How to Solve the Integral of e^x ln(x) dx?

[ultrazyn]

i need help with this integral

$$\int{e^x}{ln{x}}dx$$

when i let u=ln(x) and v=e^x, i get

$$\{e^x}{lnx}\ - \int{e^x/{x}}dx$$

and then it keeps looping

 

[Tide]

What do you mean by "it keeps looping?"

 

[HallsofIvy]

If by "looping", you mean that you let $dv= \frac{1}{x}$ and $u= e^x$ and everything canceled out leaving you with
[tex]\int e^x lnx dx= \int e^x ln x dx[/itex]
Of course!

If you do integration by parts twice and the second time "swap" u and dv, that will always happen.

Perhaps what you mean is that you again let $dv= e^x$ and $u= \frac{1}{x}$ so that you would up with
[tex]e^x lnx dx= e^x lnx- \frac{1}{x}+ \int\frac{e^x}{x^2}dx[/itex]
and continuing just gives you higher and higher powers in the denominator: Okay, that's good.

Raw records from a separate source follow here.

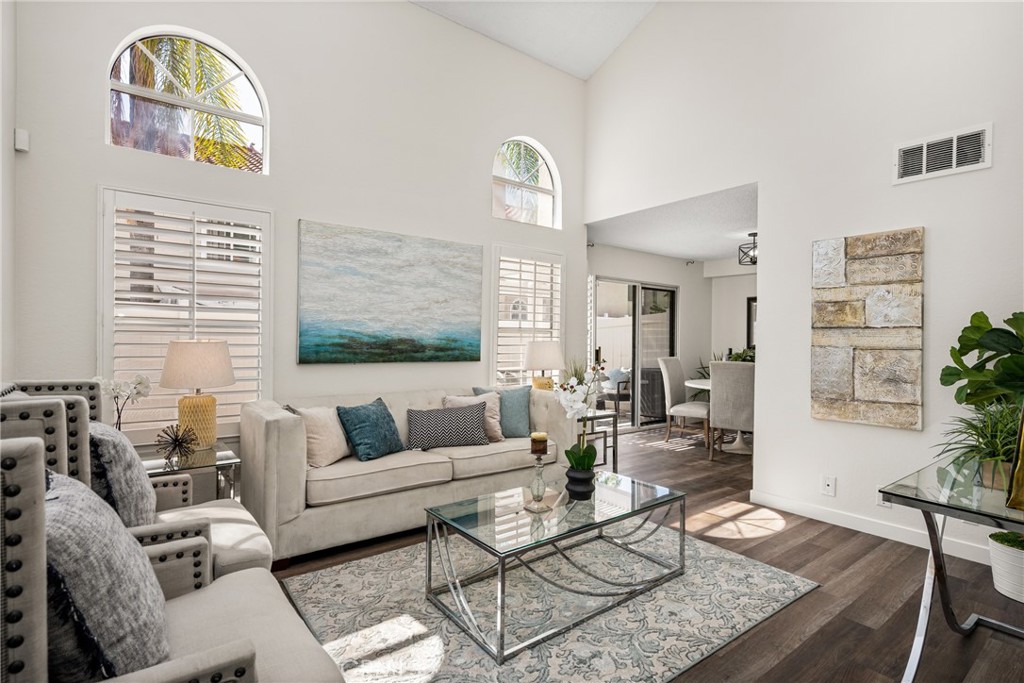 welcome to 35 Carnation - 35 Carnation 61, Rancho Santa Margarita CA 92688 - photo 1
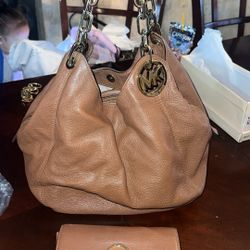 Michael Kors Purse And Wallet 
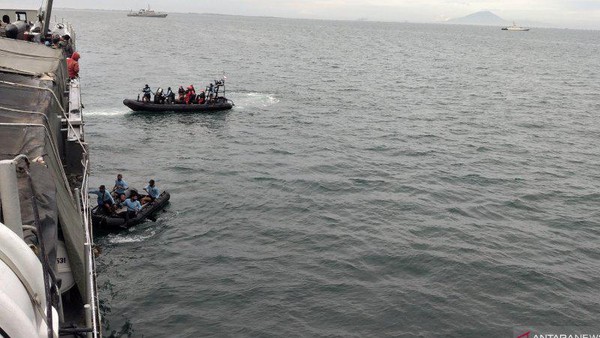 Dua Sea Rider Kopaska bersiap melakukan pencarian korban dan puing pesawat Sriwijaya Air SJ 182 yang jatuh di Perairan Kepulauan Seribu, Minggu (10/1/2021) (ANTARA/Fauzi Lamboka).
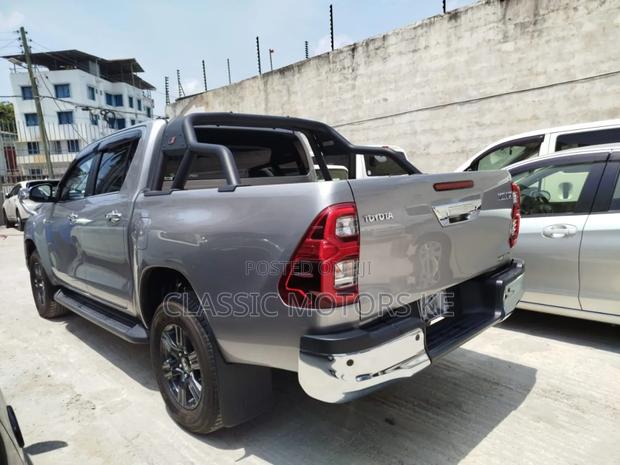 Toyota Hilux 2.4 Diesel 2020 Gray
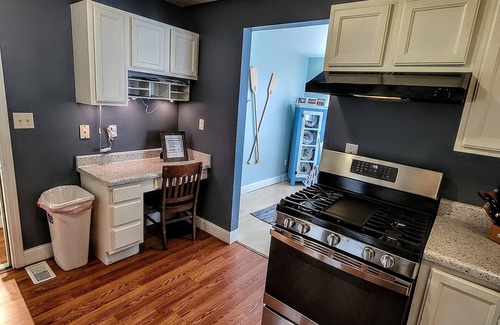 Town of Pines House | Roomy and Cozy 3bd 2ba just mins from Indiana Dunes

What eventually happens is that, in the limit, you get ln x plus an infinite series. The integral cannot be done in terms of "elementary" functions.

 

[Pythagorean]

If, when solving by parts, you ever end up with your original integral, you can substitute a algebraically (like substitute the letter I for the origingal integral anywhere you see it) then just solve for I and that's your solution.

My professor broke solving by parts into three different types, and he called that one "around the world"

 

[eljose]

If by "looping", you mean that you let $dv= \frac{1}{x}$ and $u= e^x$ and everything canceled out leaving you with
[tex]\int e^x lnx dx= \int e^x ln x dx[/itex]
Of course!

If you do integration by parts twice and the second time "swap" u and dv, that will always happen.

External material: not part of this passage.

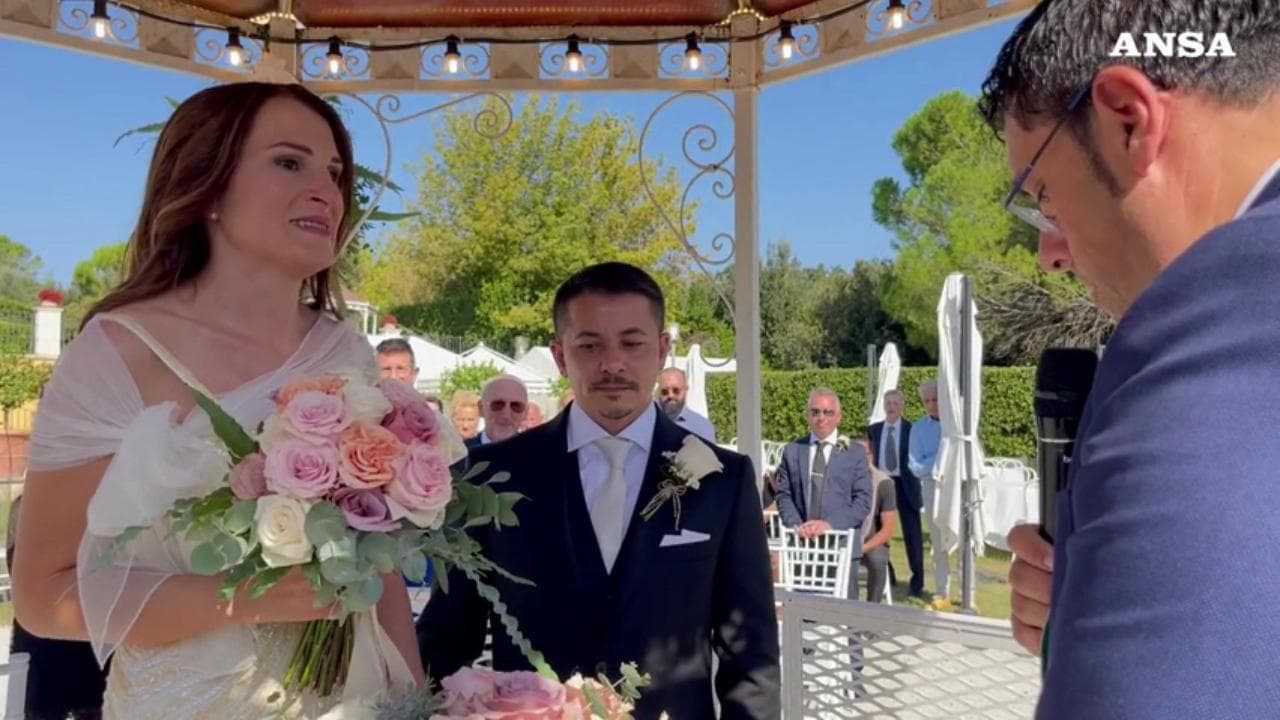 Lei è diventata uomo, lui una donna e si sono sposati a Recanati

Perhaps what you mean is that you again let $dv= e^x$ and $u= \frac{1}{x}$ so that you would up with
[tex]e^x lnx dx= e^x lnx- \frac{1}{x}+ \int\frac{e^x}{x^2}dx[/itex]
and continuing just gives you higher and higher powers in the denominator: Okay, that's good. What eventually happens is that, in the limit, you get ln x plus an infinite series. The integral cannot be done in terms of "elementary" functions.

Except for the case $$\int_0^{\infty}dxe^{-ax}lnx=-\frac{\gamma+lna}{a}$$ which is exact.

 

[matt grime]

Your integral is a definite integral, the other is not, moreover, what is gamma?

 

[gnomedt]

Gamma is probably the Euler-Mascheroni Constant (not 2.718...).

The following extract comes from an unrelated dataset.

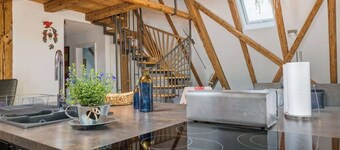 Historic Maisonette with Sauna, Garden and Privacy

http://mathworld.wolfram.com/Euler-MascheroniConstant.html

 

[Orion1]

$$\text{ExpIntegralEi}[x] = - \int_{-x}^\infty \frac{e^{-t}}{t} dt$$

Mathematica solution:
$$\int e^x ln{x} dx = \int_{-x}^\infty \frac{e^{-t}}{t} dt + e^x ln x$$

---

$$\gamma$$ - EulerGamma (Euler-Mascheroni Constant)

$$\text{ExpIntegralEi}[z] = \sum_{k=1}^\infty \frac{z^k}{kk!} + \frac{1}{2} \left[ ln z - ln \left( \frac{1}{z} \right) \right] + \gamma$$

$$\int_{-z}^\infty \frac{e^{-t}}{t} dt = \sum_{k=1}^\infty \frac{z^k}{kk!} + \frac{1}{2} \left[ ln z - ln \left( \frac{1}{z} \right) \right] + \gamma$$

Orion1 solution:
$$\int e^x ln{x} dx = \sum_{k=1}^\infty \frac{x^k}{kk!} + \frac{1}{2} \left[ ln x - ln \left( \frac{1}{x} \right) \right] + e^x ln x + \gamma$$

Reference:
http://functions.wolfram.com/GammaBetaErf/ExpIntegralEi/02/

http://mathworld.wolfram.com/Euler-MascheroniConstant.html

 

[ashu_manoo12]

if "lnx" is the anle of any trignometric function. like intergration of "sinln dx "

 

[d_leet]

if "lnx" is the anle of any trignometric function. like intergration of "sinln dx "

What? That made absolutely no sense whatsoever? ln(x) is the natural logarithm of x.